▶ _YOUR ASSIGNMENT_: Reproduce every line of the material below exactly. No pictures belong in the copy.

--- EXERCISE DATA ---

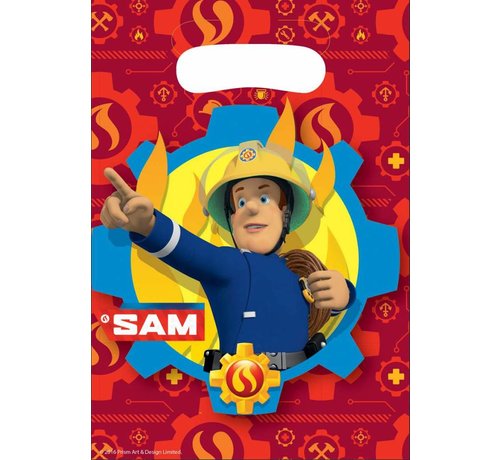 Amscan Feestzakjes Brandweerman sam 8 stuks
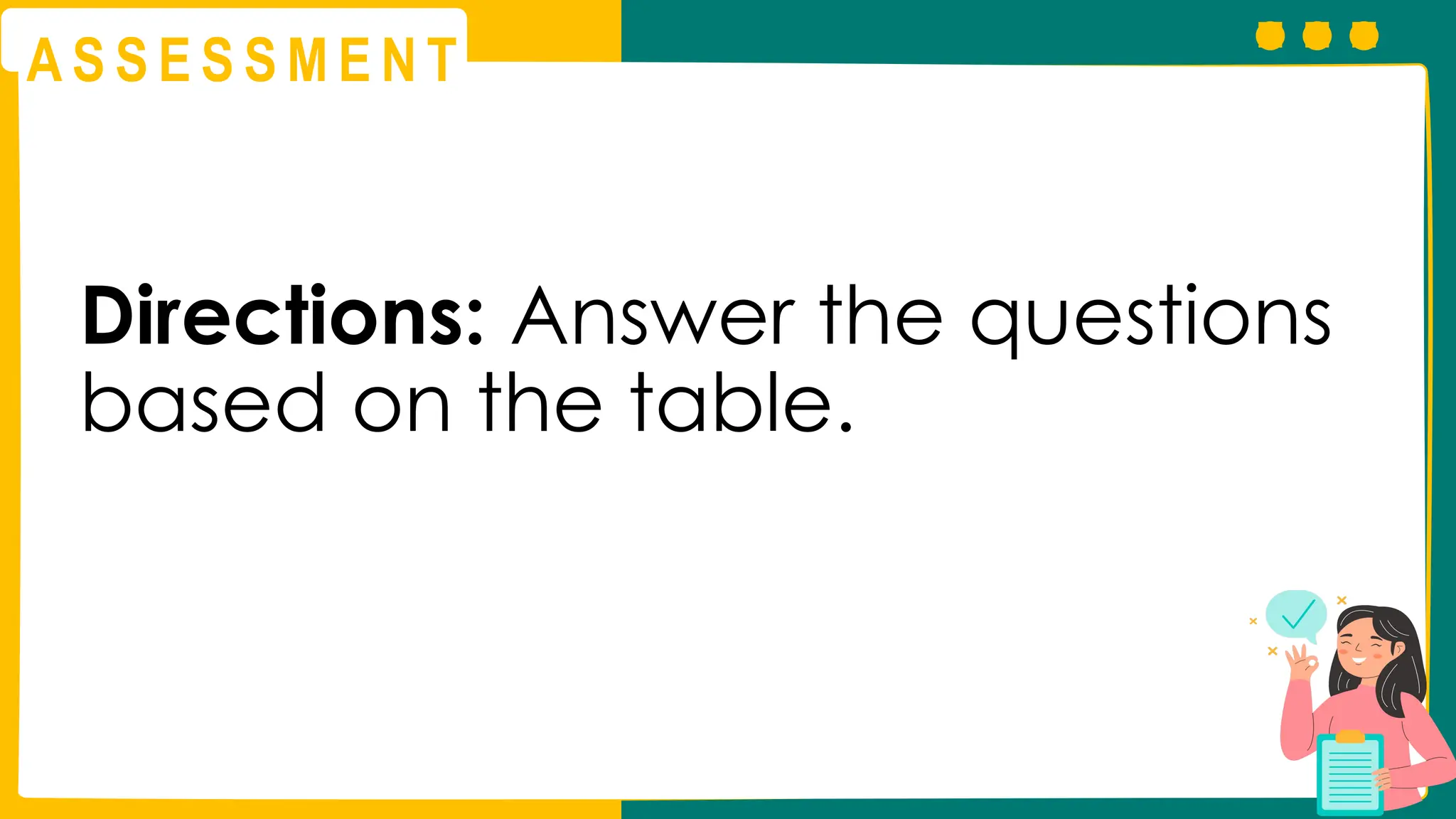 A S S E S S M E N T
Directions: Answer the questions
based on the table.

---

▶ _SOLUTION BELOW_:
 Amscan Feestzakjes Brandweerman sam 8 stuks
 A S S E S S M E N T
Directions: Answer the questions
based on the table.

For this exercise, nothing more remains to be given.